§ **RECORDS FOR THIS EXERCISE**
______

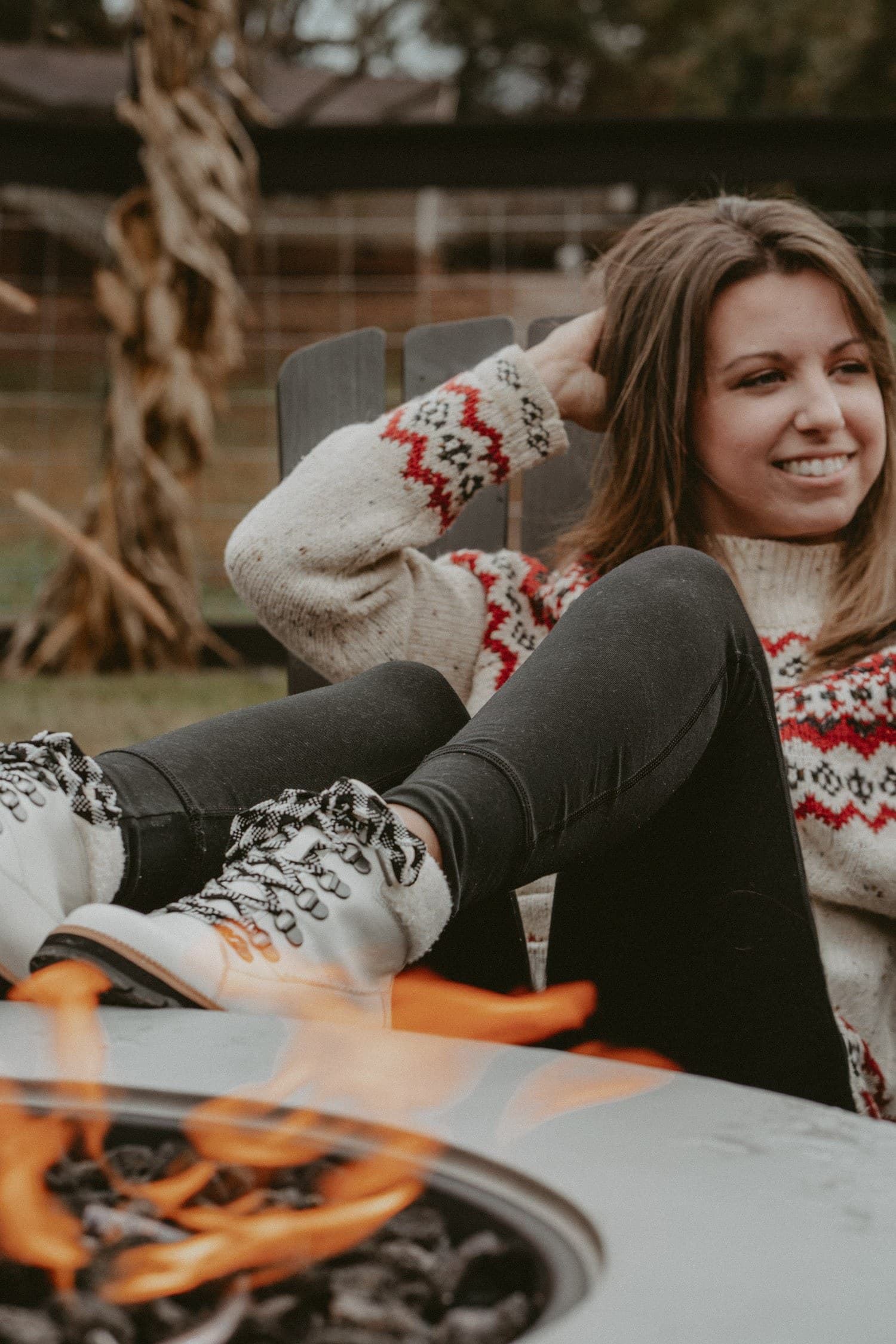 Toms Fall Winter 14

______

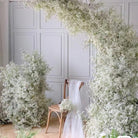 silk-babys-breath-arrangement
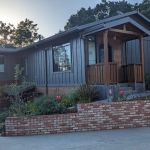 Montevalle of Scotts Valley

______

§ **ASSIGNMENT**
Print from the line containing "silk-babys-breath-arrangement" through the line containing "Montevalle of Scotts Valley" in the data above, exactly as the lines stand, and omit every picture.

§ **RESPONSE FOR THIS EXERCISE**
 silk-babys-breath-arrangement
 Montevalle of Scotts Valley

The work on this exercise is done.